**Information given**
================================

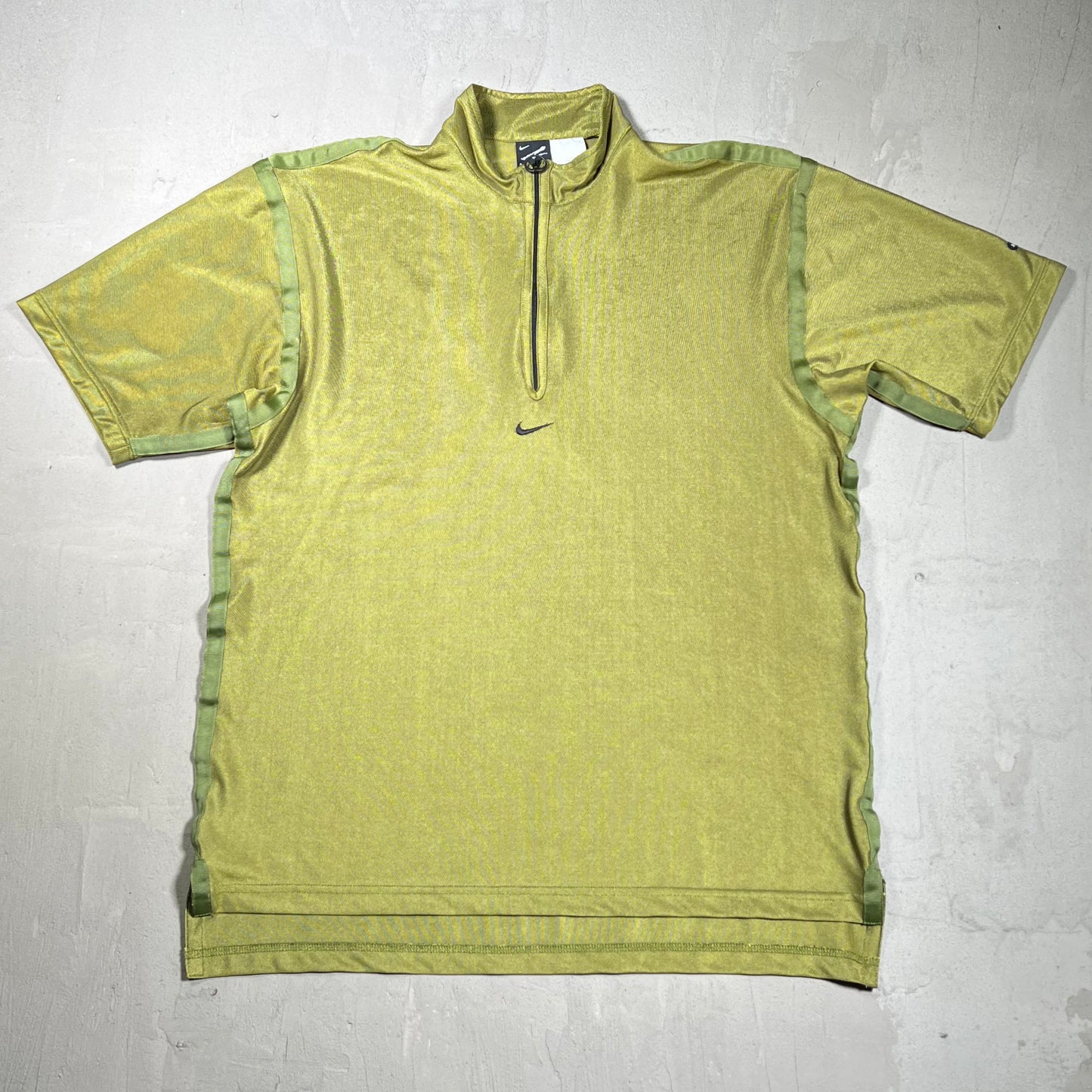 1990s Nike Agassi Dri Fit Green Quarter Zip Tee Size Medium USED v19830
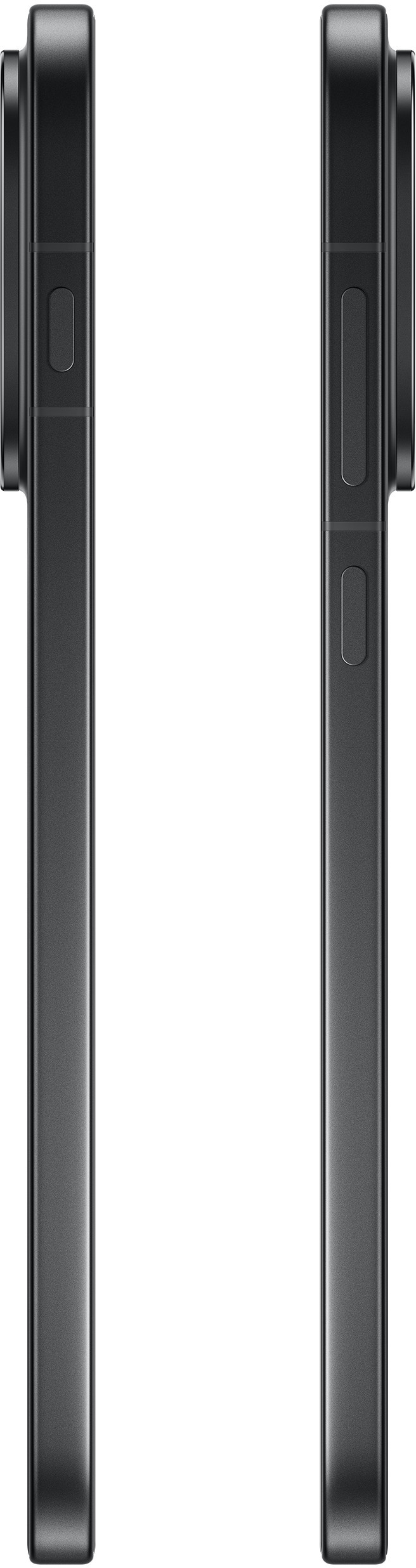 Widok z boku ciemnoszarego smartfona. Przyciski widoczne po bokach. Białe tło.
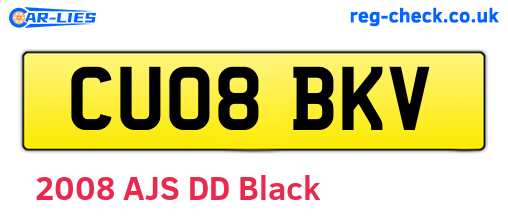 CU08BKV are the vehicle registration plates.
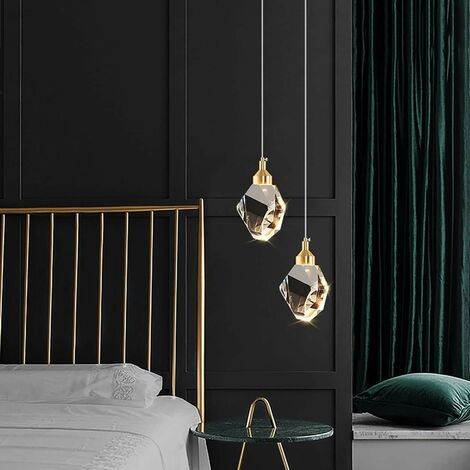Suspension Plafond LED Moderne En Cristal - 3 Couleurs (Chaud/Neutre/Blanc) - Câble Réglable 150 Cm - Argenté - 4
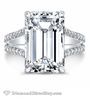 3.00 Emerald Cut Gia Ring Split Shank Engagement Rings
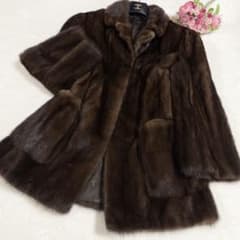 美品◎ミンク 毛皮 ファーコート ブラウン系 ポケット付き リアル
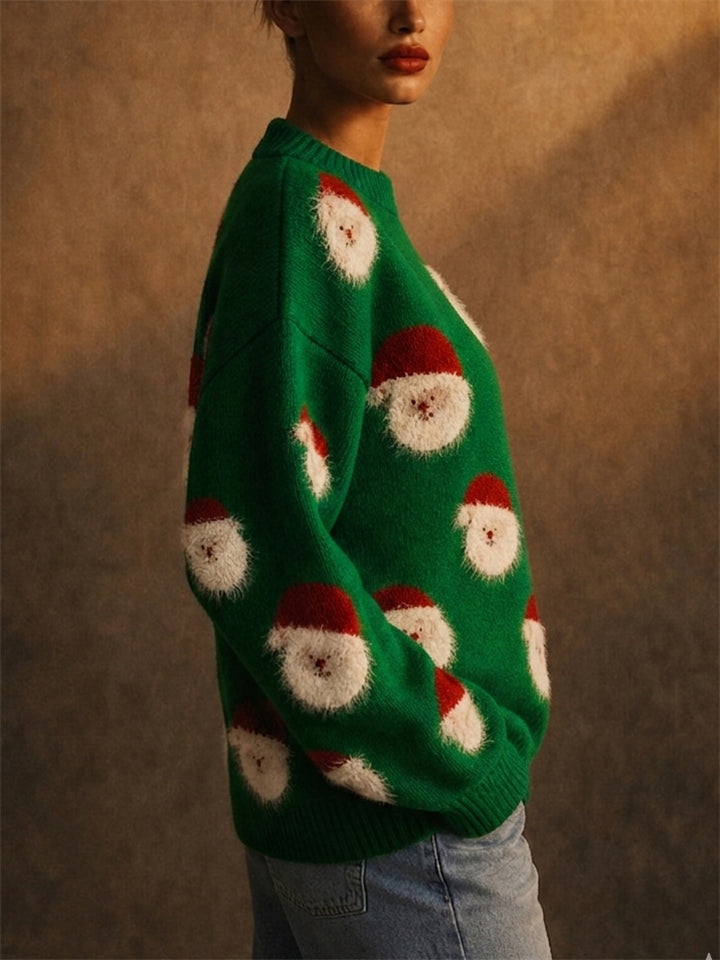 Women Pullover Santa Fuzzy Ugly Christmas Sweaters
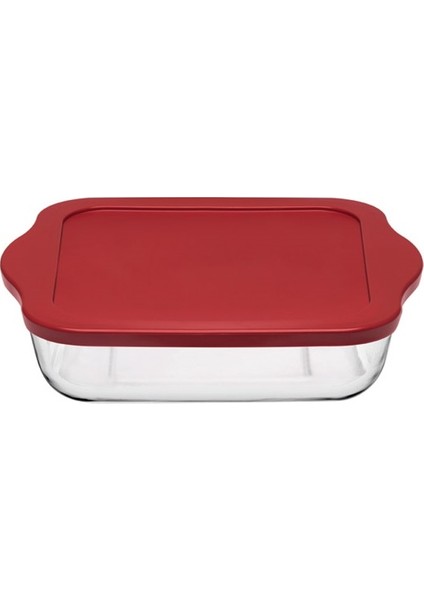 Plastik Kapaklı Kare 22 cm Tepsi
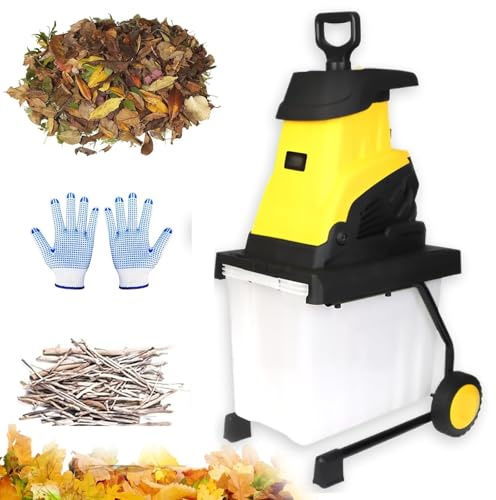 Electric Garden Shredder, Portable Garden Shredder, 2500w Leaf & Wood Chipper, with 45L Collection Box & Power Cord, 4500 RPM Reversible Steel Blades, Electric Wood Chipper for Outdoor
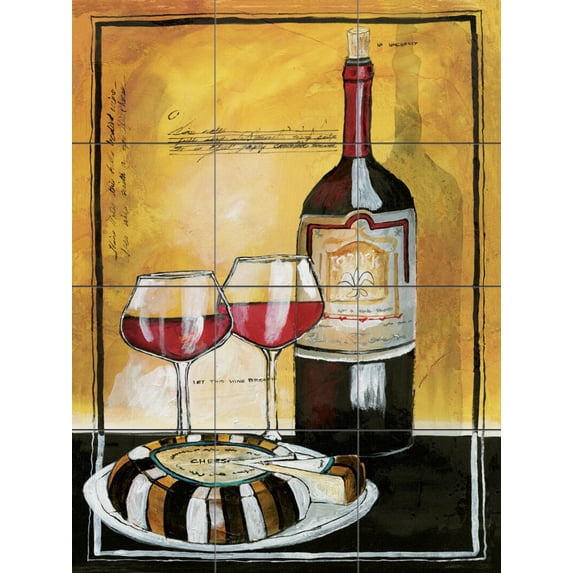 Tile Mural Kitchen Backsplash - Wine Notes II-JG - by Jennifer Garant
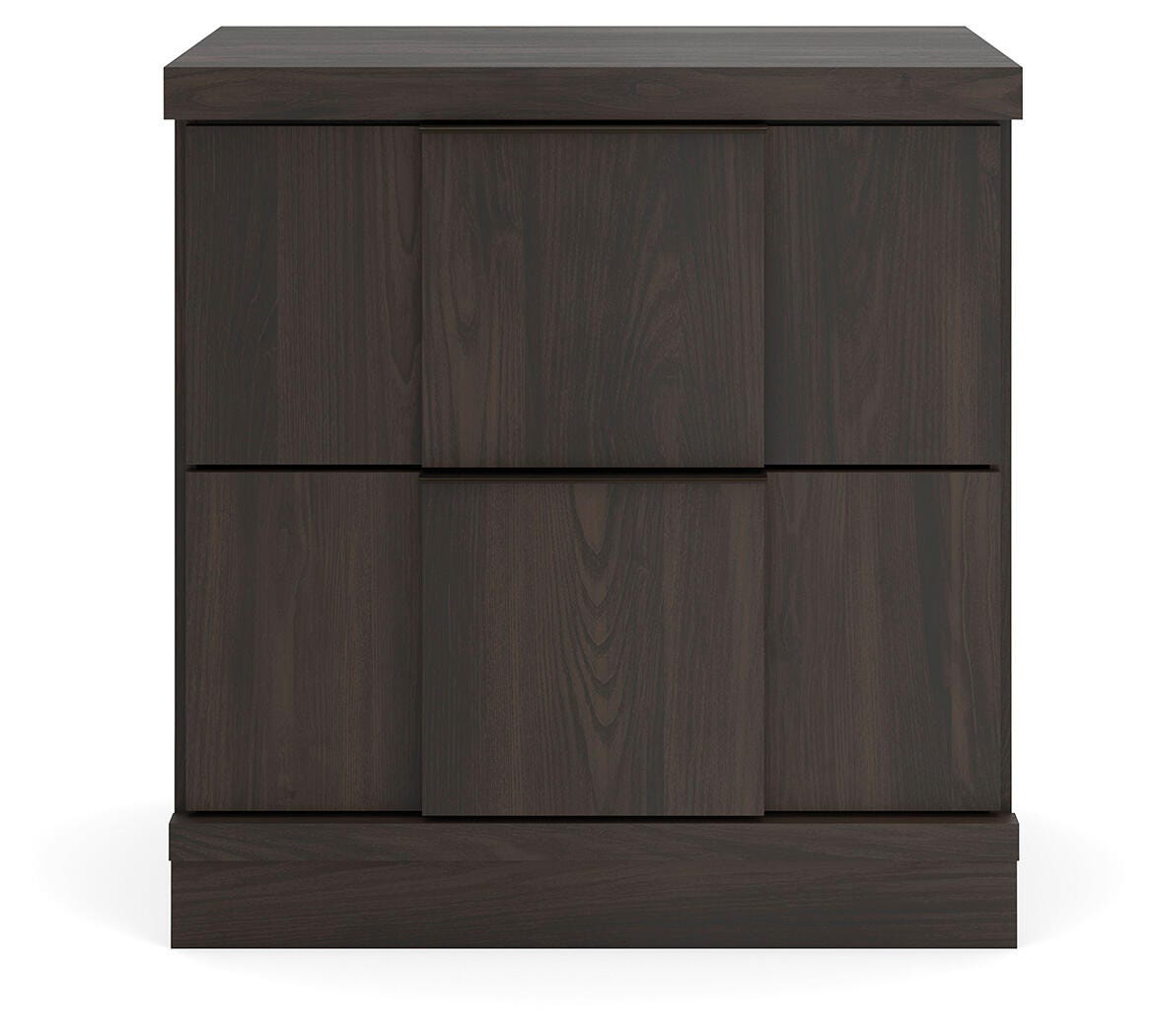 Shaehartin Dark Brown Two Drawer Nightstand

================================

**Instructions for the task**
From the line containing "Plastik Kapaklı Kare 22 cm Tepsi" down to the last line of the entries above, set down every line exactly. Omit all pictures.

**Exercise answer**
 Plastik Kapaklı Kare 22 cm Tepsi
 Electric Garden Shredder, Portable Garden Shredder, 2500w Leaf & Wood Chipper, with 45L Collection Box & Power Cord, 4500 RPM Reversible Steel Blades, Electric Wood Chipper for Outdoor
 Tile Mural Kitchen Backsplash - Wine Notes II-JG - by Jennifer Garant
 Shaehartin Dark Brown Two Drawer Nightstand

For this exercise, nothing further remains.